• What you have to do: The copy you return should hold only the lines from the top of the data below through the line with "Two smiling teachers", each duplicated exactly and with no pictures.

• Supplied information:
┄┄┄┄┄┄
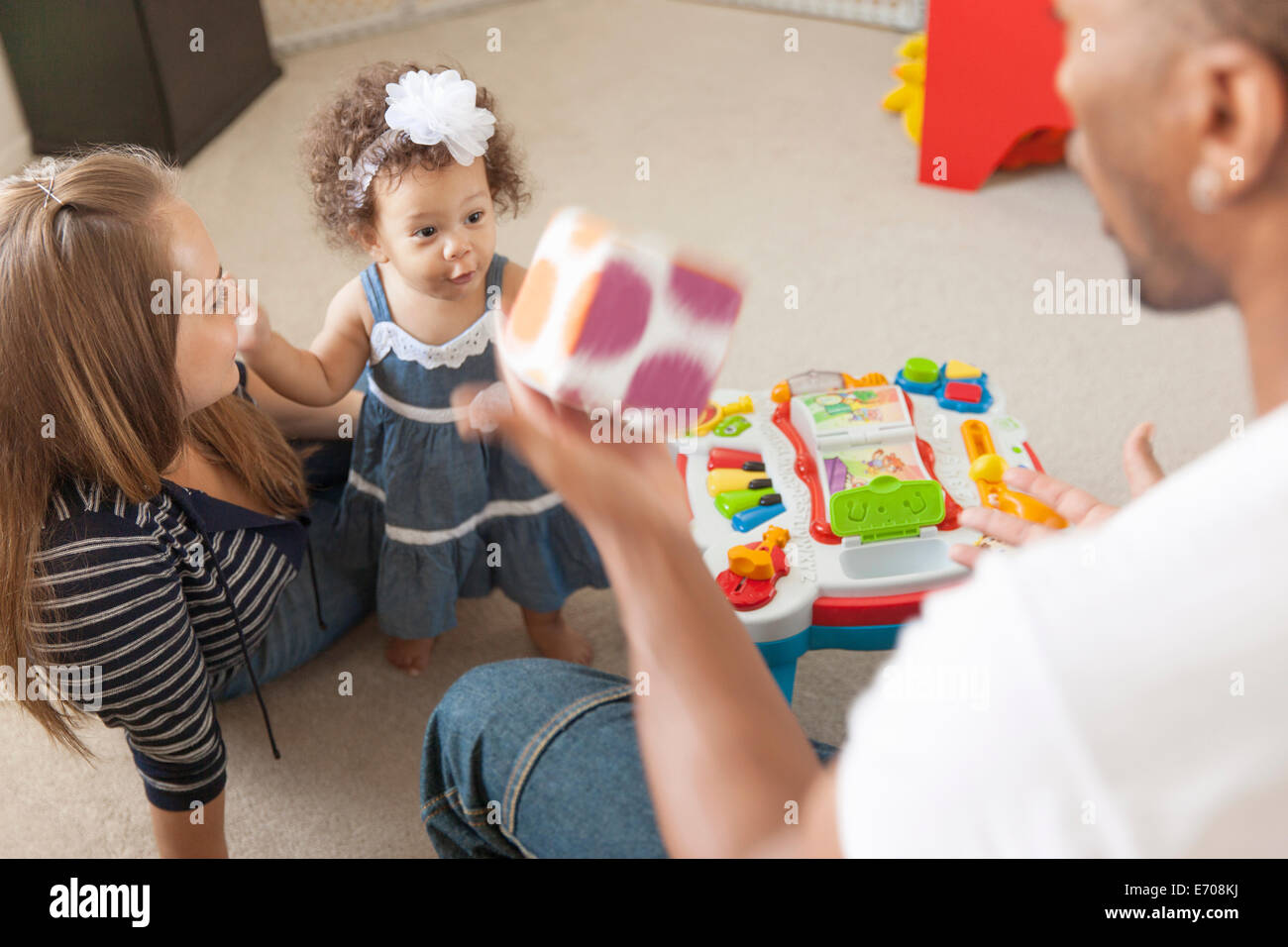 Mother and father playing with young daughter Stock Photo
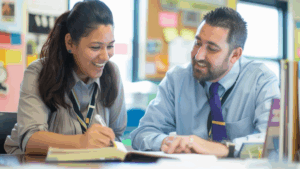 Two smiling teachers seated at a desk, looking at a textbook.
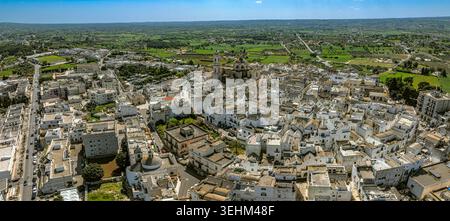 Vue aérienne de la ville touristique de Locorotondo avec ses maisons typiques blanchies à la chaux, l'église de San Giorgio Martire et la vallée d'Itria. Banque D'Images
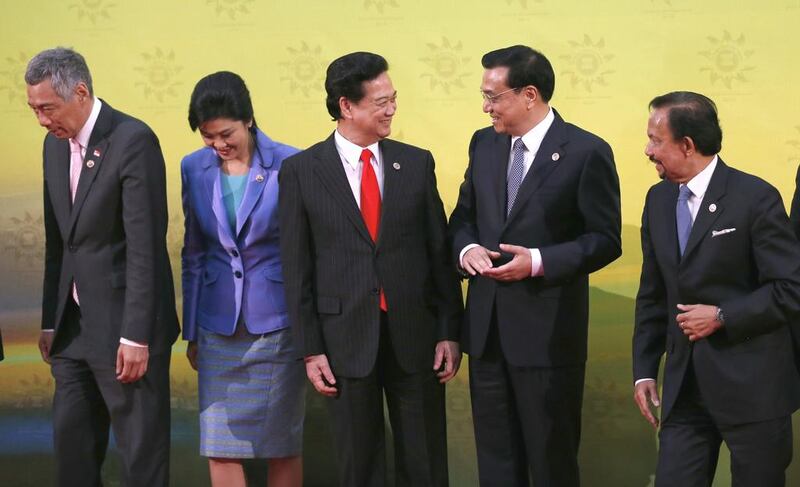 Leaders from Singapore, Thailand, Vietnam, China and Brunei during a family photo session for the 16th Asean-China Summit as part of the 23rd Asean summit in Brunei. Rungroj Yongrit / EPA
┄┄┄┄┄┄
• Solution to the exercise:
 Mother and father playing with young daughter Stock Photo
 Two smiling teachers seated at a desk, looking at a textbook.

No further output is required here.